Why am I talking about this? As said, there are many downsides in the Web3 economy and model. In my book Surfing with Satoshi I’m very critical about some topics concerning the fabrication of abstract scarcity in the digital environment and copyright related issues. But in the meantime, what I keep seeing today, for example with Casey REAS, is that Web3 can also be a gift economy that employs the infrastructure of the blockchain in order to donate and not to sell. Who is owning the piece is emotionally attached to the artist. Those in the group might sell the CENTURY’s NFT and generate a market that may benefit Casey, but maybe they won’t sell it because owning it means that they are fond of that piece. Depending on the blockchain infrastructure, questions also raise. Will the very infrastructure that makes the life of this token possible outlive Casey, or will it last just for the next two or three years? And here I’m talking about the blockchain, but I’m also talking about the platform that is hosting the token, which is called ArtBlocks.

A freeze frame from the Canvas NFT CENTURY 2052 #12 by Casey REAS, owned by Domenico Quaranta.

I myself own a small collection of NFTs. I’ve never been a collector, I’ve always been an avid downloader of things that are available for free online. I keep downloading things that are available online because it’s part of the economy of the web, but I also started using some little money that I have to buy digital artworks and to support the artists behind them. I’m buying to keep these tokens, not to sell them.

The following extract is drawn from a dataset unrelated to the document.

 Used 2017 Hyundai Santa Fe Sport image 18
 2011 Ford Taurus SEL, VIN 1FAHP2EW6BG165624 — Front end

I’m not interested in their economic value, most of them have 100 € of value, probably some of them even less, but I’m saying this because the Web3 economy has been shaped mainly by speculators. That was the driving force that made some people rich and some people poor but what is strong here is the possibility to join the game and to join it critically.

A few months ago I curated an online exhibition titled The Byzantine Generals Problem, referring to a problem of consensus that belongs to game theory. The solution to this problem is actually what made the blockchain so strong from a tech point of view. In the notorious anecdote, a group of generals seizing Byzantium without any authority above them have to agree on a final decision: attack or retreat? How can they reach a consensus without a reliable communication protocol between them? Solving this problem means finding a way to agree and to fight against the traitor, the general that may take a different decision. 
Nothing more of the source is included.